Lo aveva annunciato chiaramente Àlex Ollé della Fura dels Bauls (con la collaborazione di Valentina Carrasco alla regia che aprirà la stagione d Caracalla con una nuova Carmen) che torna all’Opera dopo la Butterfly in salsa Yankee delle Terme di Caracalla: il regista era partito da una certa assurdità del libretto carico di qualche incoerenza e di cocenti per traslarle e giustificarle fra gli orrori e le sofferenze di una simil Prima Guerra Mondiale più o meno irreale evocata già fra le maschere a gas dell’incipit, fra i costumi e le scene.
L’idea è forte, quasi stravolge l’intero Trovatore e lo rende un’opera più cerebrale e poco appassionante, ma l’allestimento funziona sulla scena del Costanzi dove il Trovatore era assente da 16 anni.
Àlex Ollé non si limita a sistemare il terzetto di interpreti l’uno all’accanto all’altro, ma sposta benissimo le numerose masse in scena ampliata da specchi che riflettono non solo il palco, ma anche il direttore stesso creando un effetto di raddoppio e di voyerismo.
Gli interpreti (due i cast in scena), la celestiale Leonora di Vittoria Yeo, la decisa Azucena di Silvia Beltrami, il Manrico di Diego Cavazzin (che si alterna con Stefano Secco dopo i forfait di Fabio Sartori e Marcelo Alvarez), il Conte di Luna di Rodolfo Giugliani, sono molto a loro agio come attori e sempre ben orchestrati da Àlex Ollé, danno il meglio di sé nei duetti e nelle arie più liriche.
Inevitabile che qualcosa venga di tanto in tanto forzato, il libretto a volte (e inevitabilmente) a volte tradito (vedi la fucilazione di Manrico), ma tutto mantiene una propria interna coerenza anche attraverso sorprendenti soluzioni di regia (vedi l’effetto congelato) mai scontate.
Il forte impatto estetico di un allestimento cupo e tetro, realizzato in collaborazione con Amsterdam e Parigi, è costante: merito dell’uso intelligente, ma gratuito delle scene (di Alfons Flores) con gli annunciati parallelepipidi-monoliti che vengono via via riposizionati, ora a formare un labirinto, ora un cimitero con tanto di croci, ora vengono sospesi in aria, ora scompaiono per lasciare posto alle trincee o creare gli spazi interni a richiamare il senso estremo di oppressione e di morte disseminata ovunque.

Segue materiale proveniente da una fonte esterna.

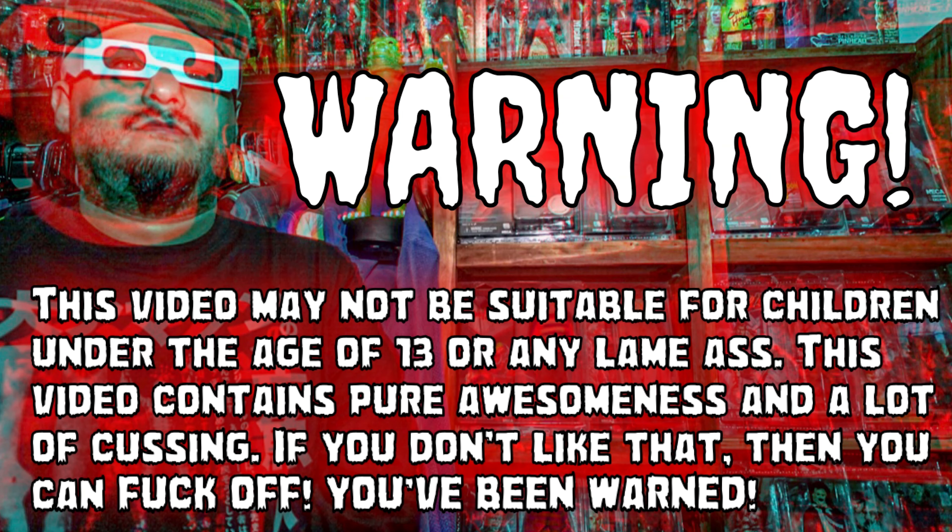This video may not be suitable for children under the age of 13 or any lame ass. This video contains pure awesomeness and a lot of cussing — if you do not like that, then you can fuck off. You've been warned. Welcome back guys to another video, this is Hackam Figures, and this is gonna be a review on this bad boy — the little Mr. E vinyl toy in the black sweater. Let's fucking go.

Qualche tocco di colore fra le divise militari arriva dalle macchie dei colori luminosi (bellissimo il rosa-lilla di Leonora) che si stagliano in scena, ma sono magnifiche le luci di Urs Schönebaum ora calde, ora cupe che conferiscono reale senso drammaturgico e drammatico all’intero allestimento mostrando chiaramente al pubblico (quasi sold out tanto che la recita del 3 marzo è stata inserita come extra nel cartellone) l’ambivalenza fra i due colori dell’opera, amore e odio, colori cupi, ma suoni squillanti.
Un’ambivalenza che Jader Bignamini (già suo podio per La Traviata di Valentino) che torna a dirigere l’Orchestra del Teatro dell’Opera (che di tanto in tanto copre le voci dei protagonisti) in Verdi ha cercato di sottolineare in ogni dove.
Il pubblico però, che attendeva da 16 anni Il trovatore, si esalta per le arie più famose (e sono tante le pagine celebri della partitura) che scatenano l’applauso in un allestimento poco passionale, ma soprattutto cerebrale. Ultime repliche il 7 e il 10 marzo dopo aver registrato quasi il sold out.